HPEV - Hospital Professor Edmundo Vasconcelos (SP) — Prova 2020
Jovem, 14 anos de idade, primigesta, idade gestacional de 33 semanas, chegou ao pronto-socorro com queixa de perda líquida há 2 horas e contrações. Ao exame: frequência cardíaca = 80 batimentos/minutos; temperatura axilar = 36ºC; altura uterina = 31cm. Dinâmica uterina = 2 contrações de 20 segundos a cada 10 minutos; batimentos cardíacos fetais = 146 batimentos/minuto. Especular: líquido claro coletado em fundo de saco posterior. Toque vaginal: não realizado. Após 48 horas de internação e suspensão da conduta previamente adotada, a paciente evoluiu com trabalho de parto efetivo. Qual é a conduta adequada?
RPM com trabalho de parto efetivo após 32 semanas e 48h de conduta expectante → assistência ao parto.
Em casos de rotura prematura de membranas (RPM) após 32 semanas de gestação, se o trabalho de parto se estabelece após um período de conduta expectante e não há sinais de infecção ou sofrimento fetal, a conduta mais adequada é a assistência ao trabalho de parto. A tocólise é contraindicada em trabalho de parto efetivo e a cesariana não é a via de parto preferencial apenas pela RPM.
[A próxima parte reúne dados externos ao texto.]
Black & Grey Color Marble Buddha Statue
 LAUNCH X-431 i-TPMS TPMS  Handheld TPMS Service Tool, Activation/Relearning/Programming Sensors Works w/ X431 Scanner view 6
A rotura prematura de membranas (RPM) é uma complicação obstétrica comum, definida como a ruptura das membranas amnióticas antes do início do trabalho de parto. Quando ocorre em gestações pré-termo (antes de 37 semanas), o manejo é complexo e visa equilibrar o risco de prematuridade com o risco de infecção. A conduta inicial geralmente inclui a administração de corticoesteroides para acelerar a maturação pulmonar fetal (se a idade gestacional for inferior a 34 semanas) e antibioticoprofilaxia para prolongar o período de latência e reduzir o risco de corioamnionite e sepse neonatal. No caso apresentado, a paciente está com 33 semanas de idade gestacional e, após 48 horas de internação e suspensão da conduta expectante (provavelmente tocólise e/ou antibioticoprofilaxia), evoluiu com trabalho de parto efetivo. Neste cenário, a tocólise (inibição das contrações) é contraindicada, pois o trabalho de parto já está estabelecido e a idade gestacional (33 semanas) já se beneficia da maturação pulmonar induzida pela corticoterapia, se administrada. A prioridade passa a ser a assistência ao trabalho de parto, visando um parto vaginal, a menos que haja outras indicações para cesariana (como sofrimento fetal ou apresentação anômala). Para residentes, é crucial entender que a decisão de conduzir o parto ou prolongar a gestação na RPM pré-termo depende da idade gestacional, da presença de infecção, da vitalidade fetal e da progressão do trabalho de parto. Atingir 32-34 semanas é um marco importante, pois os riscos da prematuridade diminuem significativamente, e a conduta expectante é geralmente mantida até esse ponto, a menos que haja complicações. Uma vez que o trabalho de parto se torna efetivo e não há contraindicações, a assistência ao parto é a conduta mais apropriada.
A conduta inicial na RPM pré-termo geralmente envolve avaliação da idade gestacional, vitalidade fetal, pesquisa de infecção, corticoterapia para maturação pulmonar fetal (se <34 semanas) e antibioticoprofilaxia para prolongar o período de latência e prevenir infecção.
A tocólise é contraindicada na RPM se houver sinais de infecção intra-amniótica (corioamnionite), sofrimento fetal, descolamento prematuro de placenta, hemorragia ativa ou quando o trabalho de parto já está efetivamente estabelecido e a idade gestacional permite o parto, como no caso da questão.
A via de parto preferencial na RPM, na ausência de outras indicações obstétricas, é a vaginal. A cesariana é reservada para situações como sofrimento fetal, apresentação anômala ou outras complicações que justifiquem a via abdominal.